There are 390 DCs in France and they view their circumstance as one of “tolerated illegality”. Occasionally, there are prosecutions of chiropractors, but aside from personal trauma for the defendant, they usually resolve without incident. In 1999, a committee was suggested by the Minister of Health to explore recognition of chiropractic, osteopathy and manual care. No significant movement has been made in this regard to date.
In conversations with persons practicing in France, I learned that a medic under their health care system is paid 110 francs as a GP and 150 francs as a specialist per patient visit. In the Paris area, DCs are receiving a fee of 350 francs per visit. (GWC comment: Let’s think about this: one third the money and all the government you can take, sure I’d want legislation!!!)
The IFEC (Institute Franco-European de Chiropratique) is growing and played a significant part in the organization and presentation of the WFC Congress in Paris. Congratulations to everyone involved from the IFEC especially Mr. Charles Martin and Dr. Catherine Parodi.

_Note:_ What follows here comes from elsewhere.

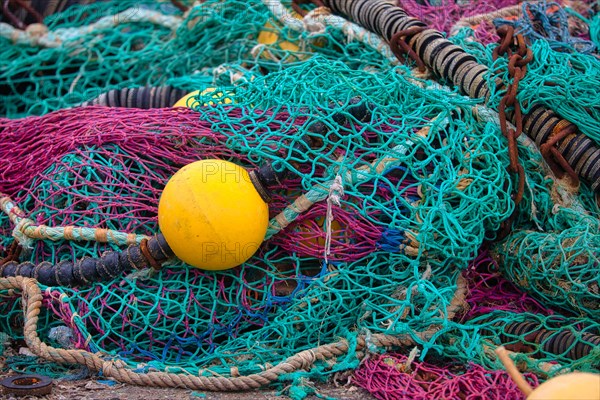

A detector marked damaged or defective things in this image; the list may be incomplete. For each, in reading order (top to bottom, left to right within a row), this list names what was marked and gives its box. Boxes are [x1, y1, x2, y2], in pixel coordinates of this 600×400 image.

rusty chain [492, 25, 528, 241]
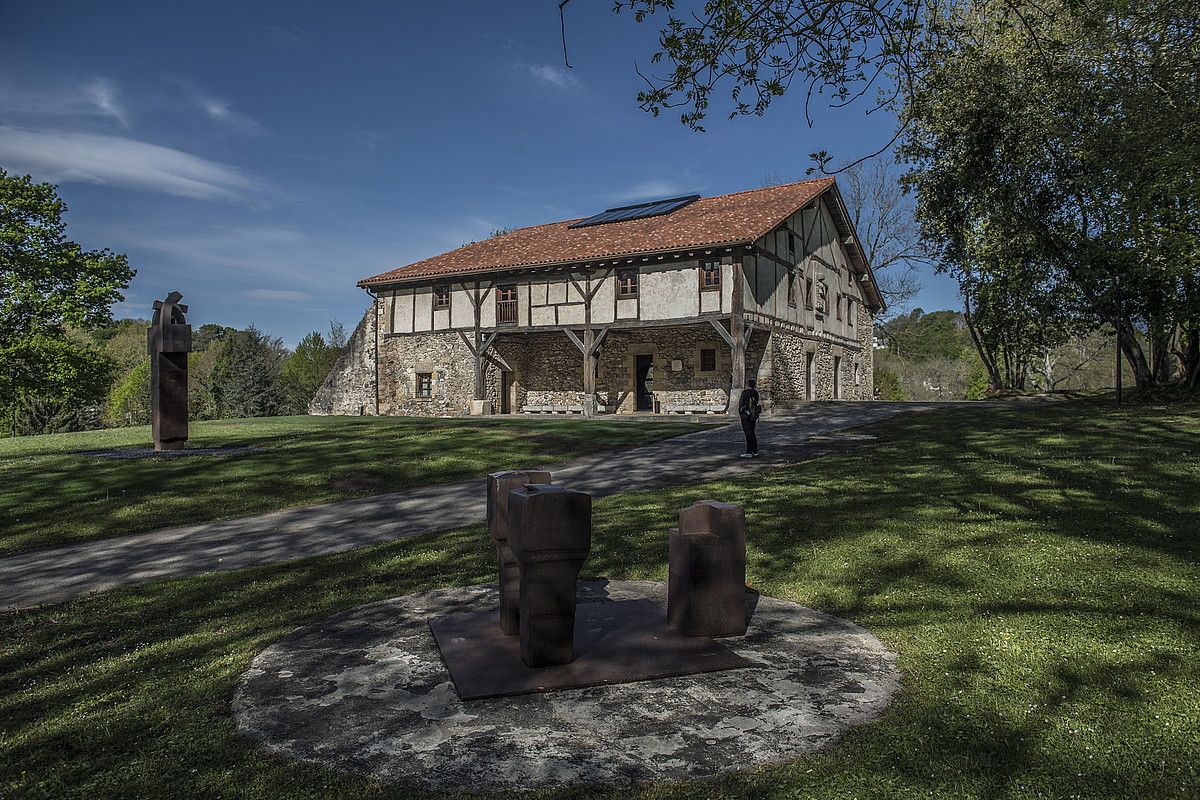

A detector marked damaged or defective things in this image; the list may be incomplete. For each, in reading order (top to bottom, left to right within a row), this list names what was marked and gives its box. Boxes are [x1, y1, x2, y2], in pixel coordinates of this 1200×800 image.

Q: Has an osteo-medical group been recognized in France?
A: An MD who wishes to practice as an osteopath can be recognized. It is estimated that there are 30,000 persons practicing some form of osteopathy. They are predominantly PTs. MDs are taking weekend programs on manipulation and mobilization and calling themselves osteopaths.
There are 37 qualified chiropractors in Germany. In 1980, there were 8 DCs practicing in Germany. Chiropractic is legal in Germany and is recognized under a 1939 act as a “heilpraktiker” as opposed to chiropractor. A license issued to a “heilpraktiker” affords a person the authority to perform acupuncture, homeopathy, chiropractic even minor surgery. MDs have an unlimited license and can provide the same without any education in a discipline such as acupuncture or chiropractic.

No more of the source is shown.